Bajo luces tenues de una calle angosta, dos amantes se besan sin parar, con ansias, sin aire… en la misma calle, un taconeo torpe resuena al pasar a los pies de una chica colgada del brazo de un hombre que le toma la cintura como si del timón de un barco se tratara. Dos manzanas a la derecha dos chicas risueñas juegan a experimentarse corriendo de la mano, ávidas por las escaleras a oscuras de un edificio del cascó antiguo. Olor a perfume y a cigarrillos mezclados con el vapor veraniego que parece que a todos encendiera en un fuego interno del que nadie se escapa. Así es Barcelona, llena de pasión cada noche y de mañanas tardías con dolor de cabeza y aliento a jaggermaster.
En este maravilloso limbo de romanticismo todos nos saltamos los compromisos, las formalidades, actuamos por instinto como si fuera nuestra última noche, o la primera de todas, beben para envalentonarse, bailan hasta el cansancio o hasta que el acompañante ceda a dar el siguiente paso. Incluso los que dicen haber sentado cabeza se han conocido por ese juego de cíclopes en la oscuridad como lo llama Cortazar.

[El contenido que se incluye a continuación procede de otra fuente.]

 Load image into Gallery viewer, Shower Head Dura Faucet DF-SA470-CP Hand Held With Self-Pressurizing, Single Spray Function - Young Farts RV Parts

Cada lugar debería tener una palabra y Barcelona a mí me suena a frenesí, a ganas de no esperar, a ganas de apostarlo todo en la primera mano de cartas y al inexistente miedo a perder la apuesta, al juego constante de conocerse, de la excitante curiosidad eterna entre dos extraños y a lo apasionante de un primer beso… y ¿que no es eso lo que nos hace sentir vivos? Si el amor también pero aquí eso puede esperar, como Penelope en el andén y que si llega el tren sea por suerte, que nos encuentre él a nosotros cuando tan entretenidos estamos en encantos superfluos, como el baile de Salome que algún día reclamará también nuestra cabeza o nuestro corazón.